Quanto mais se aproximavam, mais intenso ficava o barulho dos motores. Era possível distinguir vozes de pessoas gritando em meio ao estrondo das máquinas. Arumã, que vinha logo atrás do acolhido, assobiou em sinal de vestígios evidentes de pessoas nas proximidades. Pajé Panaman há tempos pressentira os dois guerreiros karaiwas em cima de uma árvore uns cinqüenta metros a frente deles. Obviamente que sabiam da movimentação da coluna. O feiticeiro ordenou que todos agissem normalmente, como se não soubessem que os karaiwas espreitavam os passos da comitiva. A cerca de dez metros da árvore, um dos soldados gritou:
− Quem vem lá?! – com o grito do soldado ,o acolhido parou sem movimentos bruscos, gesto que foi imitado por todos.
− Somos da Aldeia Warara’pai! – respondeu  – Estamos de passagem.
− É proibido andar nessa área – advertiu o militar.
− Mas essa área faz parte de nossa reserva. Temos o direito de andarmos nela quando quisermos.

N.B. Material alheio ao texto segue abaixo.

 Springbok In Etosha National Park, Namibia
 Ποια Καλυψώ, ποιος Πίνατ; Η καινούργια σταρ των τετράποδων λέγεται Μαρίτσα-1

− Sua reserva?! Você nem índio é! Dá pra ver pela sua cara! Os outros seis que estão com você são índios, mas você?! – o soldado zombava.
− Vai ver ele é escravo dos índios! Mas quem diria, um homem civilizado sendo escravo de um povo primitivo como esse! – completou o segundo soldado. Os dois militares gargalharam e começaram a descer da árvore – Ei escravo, avise seus donos para ficarem quietinhos. Qualquer movimento mandaremos bala! Até mesmo em você, já que é escravo e não presta pra nada!
Os soldados cercaram a comitiva, com os fuzis apontados de forma ameaçadora.  Enquanto os indígenas ficavam imóveis, os militares andavam em volta deles, observando com atenção tudo o que carregavam.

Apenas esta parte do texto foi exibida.